Comment choisir son avocat en cas de contrefaçon
Samedi 15 novembre 2008Il y a quelques années, un reportage télé montrait les contrôleurs de la SACEM, marchant entre les stands d‘une fête foraine, retranscrivant les musiques et partitions qu’ils entendent parmi les exposants. Afin de déterminer, pus tard, si les mélodies appartiennent à un auteur à qui des droit reviennent, de droit.
Ces inspecteurs experts, capables d’écrire en toute discrétion des compositions sont des as du solfège et des oreilles expérimentées. Le reportage disait qu’ils avaient le niveau théorique d’un chef d’orchestre.
De la même façon que l’on consulte un spécialiste en médecine pour son diagnostic général et particulier de la pathologie, un avocat, spécialiste en contentieux dans les cas de contrefaçon de droit de Propriété Intellectuelle ou de droit de Propriété Industrielle, doit avoir une expertise non seulement de la contrefaçon, pour les procédures, les mécanismes de démontage de preuve ou d’apport de preuve, mais aussi, disposer d’un rapport intime et d’une culture approfondie avec un secteur particulier : la musique, les arts dramatiques, le textile, les arts graphiques, la peinture.
L’avocat, fort de cette expertise, est capable d’engager un dossier sans hésitation dans telle ou telle voie, avec des pistes de recherches basées sur un savoir de ce domaine. Et ne pas facturer son client pour/ jurisprudentiels des recherches documentaires dues à son manque d’expertise dans une affaire.
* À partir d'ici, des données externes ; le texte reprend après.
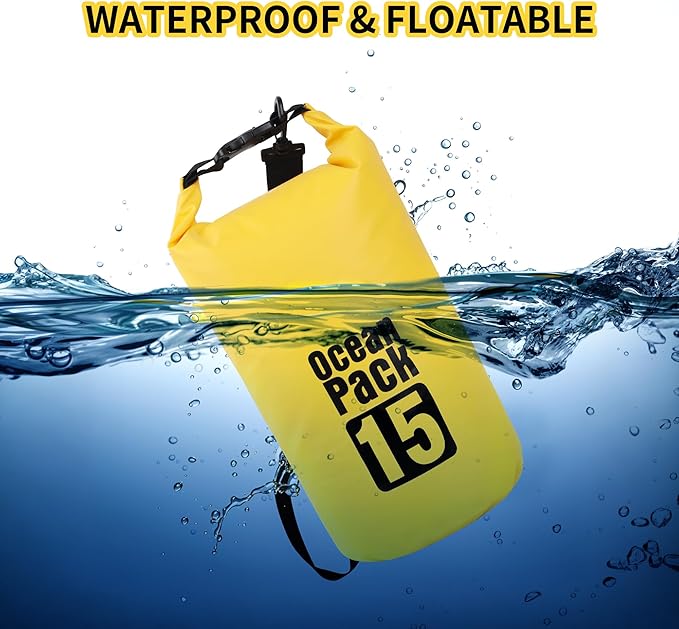 Dry Bag Waterproof for Women Men,20L Rolled Lightweight Dry Storage Bag Backpack with Phone Case for Travel,Swimming,Boating, Kayaking,Camping & Beach,Yellow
Il doit aussi, par la rigueur habituelle de ses dossiers, pouvoir donner une impression favorable aux juges ou la partie adverse. Et prouver, une fois encore, que se travaux et dossiers sont objectifs et « vrais ».
Dans le textile par exemple, un reportage de Capital montrait Me Corinne Champagner Katz (avocat à Paris 75007) dans un dossier contre ZARA, expliquer les motifs et preuves de la contrefaçon à la fois dans le jargon d’un styliste modéliste, mais aussi à un avocat ou un juge.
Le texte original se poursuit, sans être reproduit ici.